Originally by dougmill on 2011-11-03 09:43:04 -0500


I have committed this new section into a side subdir:

https://svn.mpi-forum.org/svn/mpi-forum-docs/trunk/working-groups/mpi-3/ex-intfc/ticket-217

If you checkout that and "cd chap-ei" and type "make" you will get a PDF of the External Interfaces chapter that contains this proposal. This is the document version as posted on 10/27/2011, svn revision 794.

mpiforumbot commented 8 years ago

Originally by dougmill on 2011-11-03 09:48:01 -0500


Regarding the discussion on the synchronization details in the info arg 'balanced', I still don't see how it makes sense to move that paragraph above the info arg, since the function being documented there is MPI_TEAM_CREATE which does not synchronize, and the JOIN and LEAVE functions have their own synchronization information. The paragraph does seem pertinent to the balanced key, but perhaps is not necessary. I think the more important information is that MPI_TEAM_BREAK is erroneous (not used) in that case and there should be some indication that the user is converging all threads in each JOIN-LEAVE block, that the performance of a block depends on all threads arriving promptly at the JOIN. Effectively thinking of the JOIN as synchronizing.

mpiforumbot commented 8 years ago

Originally by dougmill on 2011-12-12 10:42:58 -0600


I've attached the latest version of the External Interfaces chapter including this proposal for ticket #217. There are two versions, the "-ep" version includes an example that is only relavent if Ticket #288 (Endpoints) is also accepted.

mpiforumbot commented 8 years ago

Originally by jhammond on 2011-12-24 09:08:04 -0600


Hi Doug,

The script you provided to build on BGP fails at the MPICH2 build step on Surveyor.

I wouldn't mind testing this, especially for adverse side effects in threaded applications.

Jeff

mpiforumbot commented 8 years ago

Originally by dougmill on 2011-12-27 11:27:01 -0600


I'm not familiar with the build process on surveyor, and don't have access to that machine. You should be able to use any "normal" MPICH2 build process, as the code should just be inserted/integrated into the normal MPICH2 makefiles.

mpiforumbot commented 8 years ago

Originally by RolfRabenseifner on 2012-01-10 09:53:13 -0600


Some proposal that should be integrated for better readability, based on attachment:mpi3-ticket217-ei-2-ep.pdf

mpiforumbot commented 8 years ago

Originally by RolfRabenseifner on 2012-01-10 11:46:23 -0600


Text update to previous comment:

mpiforumbot commented 8 years ago

Originally by jsquyres on 2012-01-10 15:08:33 -0600


Doug says the implementation is completed.

mpiforumbot commented 8 years ago

Originally by dougmill on 2012-01-11 08:39:42 -0600


I updated the proposal doc with the latest feedback.

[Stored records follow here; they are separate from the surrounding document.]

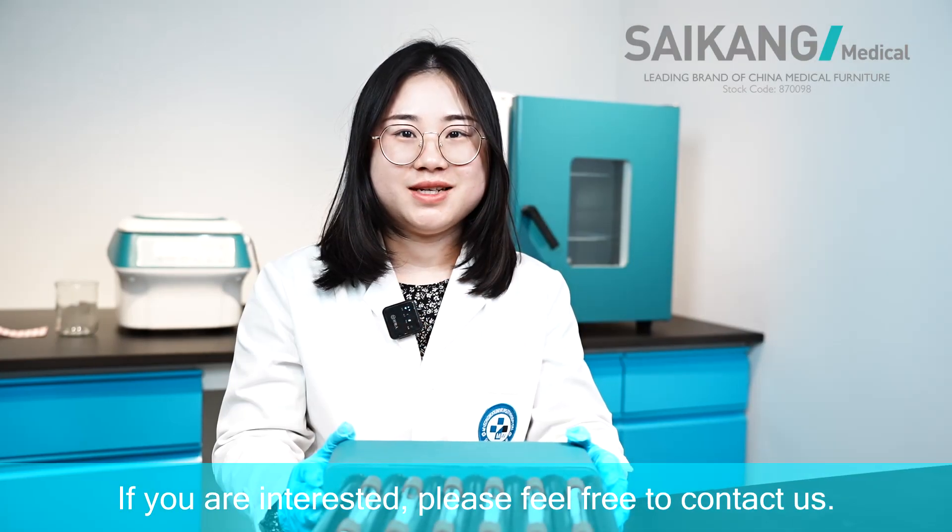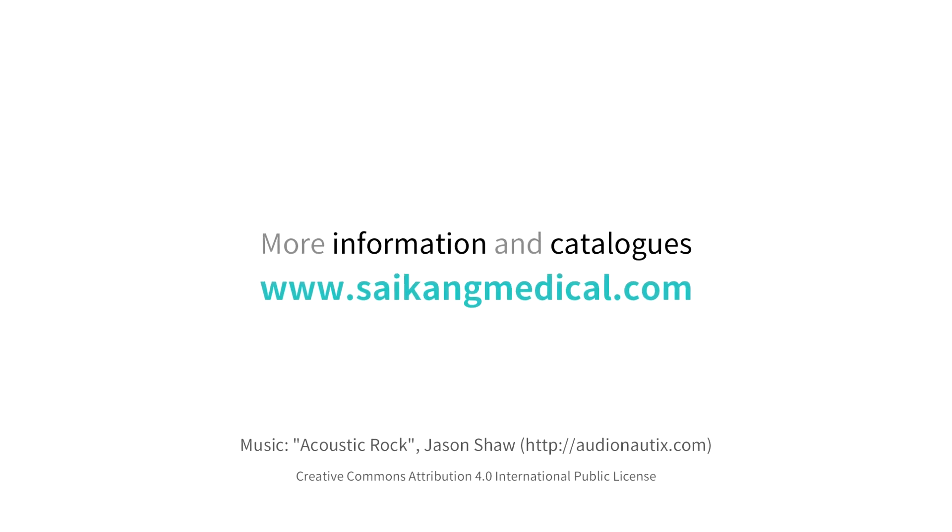If you are interested, please feel free to contact us. Thank you.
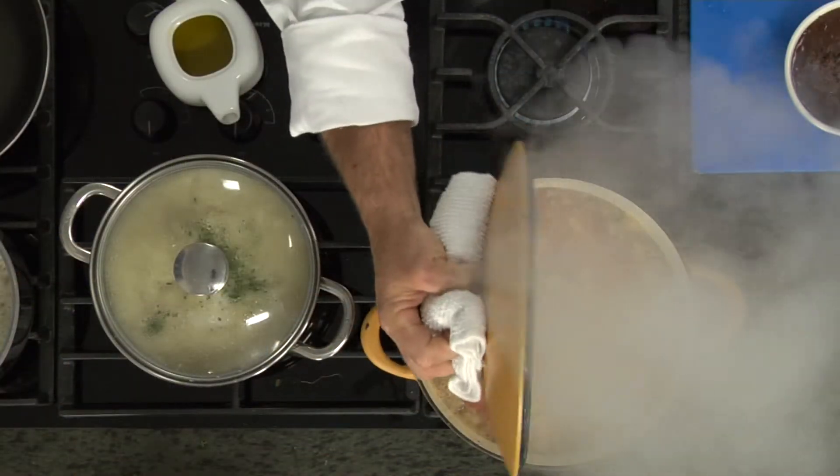Today on The Chef's Table, it's all about fresh Florida grouper. We're going to start out with some great Florida gumbo. Man, it's good.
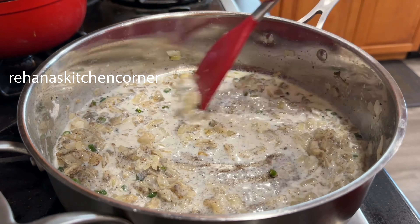Now you can add the shredded cooked chicken and potato and mix it well until everything is combined together. You can add a handful of coriander leaves and leave it to cool at room temperature.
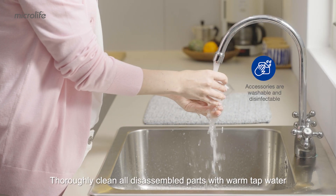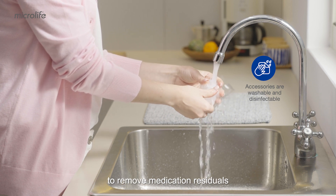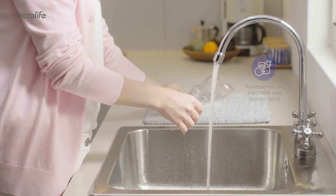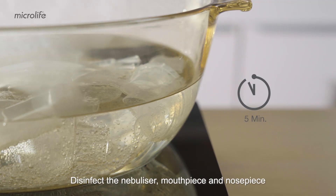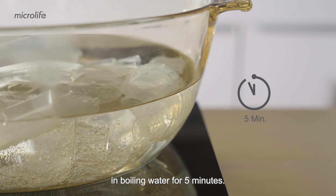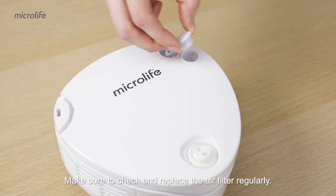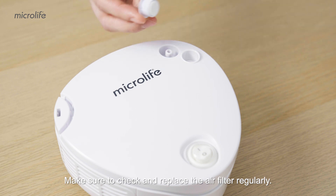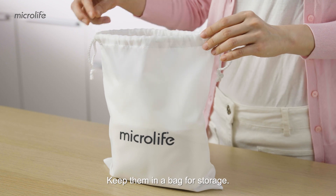Thoroughly clean all disassembled parts with warm tap water to remove medication residuals and impurities after each use. Disinfect the nebulizer, mouthpiece, and nose piece in boiling water for five minutes. Let all parts air dry. Make sure to check and replace the air filter regularly. Keep them in a bag for storage.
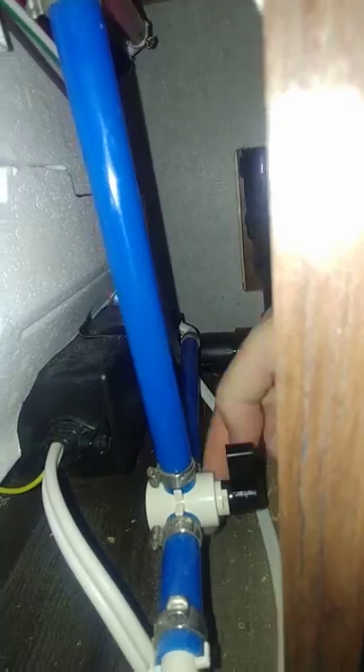So all I do is I flip these bypass switches. This one here is in line as you can see, and this one here is also in line, so your flow is gonna go around that.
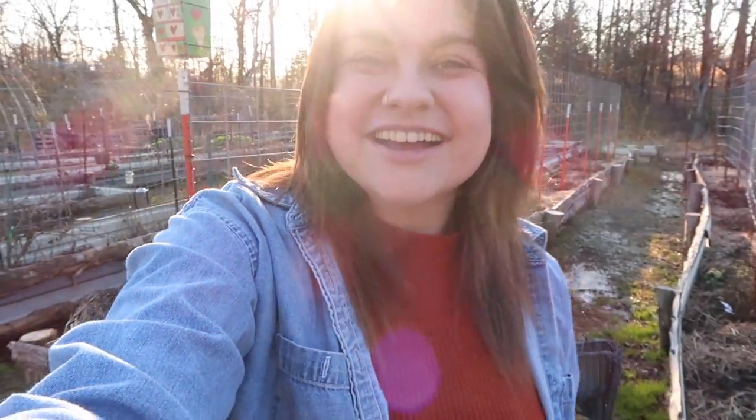Hey y'all, it's Jess. Welcome back to Roots and Refuge Farm. Today we are talking about a subject that so many of you have been asking for a video about, and it is one of my favorite subjects to talk about this time of year — seed starting.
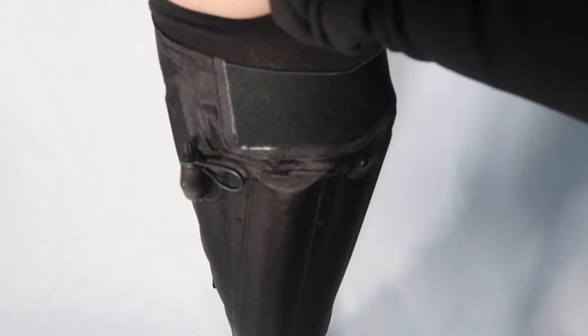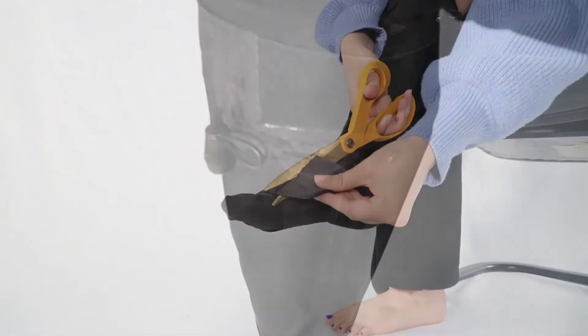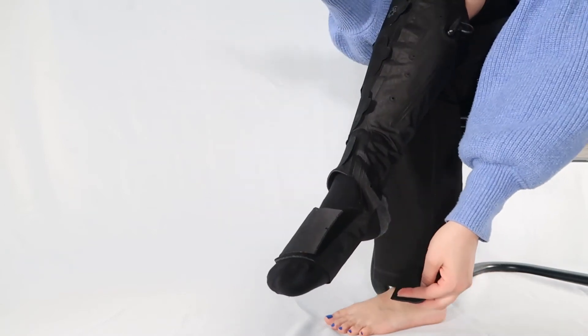The AeroWrap is properly aligned if the elastic strap is hugging the back of your calf. If the foot strap is too long, it can be trimmed. Please refer to the instruction booklet for further details.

I renamed "balanced" to "nobreak". The proposal text is now BLUE with changes made today in purple/red for delete/add. I did not rename JOIN/LEAVE yet.

mpiforumbot commented 8 years ago

Originally by dougmill on 2012-02-01 15:35:08 -0600


Attachment added: mpi3-ticket217-examples.pdf (37.0 KiB) Some diagrams to help discussions

mpiforumbot commented 8 years ago

Originally by dougmill on 2012-02-01 15:36:51 -0600


Updated the proprosal with a few small changes. Added some slides for possible discussions

mpiforumbot commented 8 years ago

Originally by dougmill on 2012-02-03 16:58:08 -0600


Attachment added: mpi3-ticket217-ei-2.2.pdf (227.2 KiB) Ticket 217 additions to External Interfaces chapter

mpiforumbot commented 8 years ago

Originally by dougmill on 2012-02-03 16:59:26 -0600


Updated document to reflect "the two-function" design where MPI_TEAM_LEAVE takes an "option" argument that specifies the semantics of leaving the team epoch.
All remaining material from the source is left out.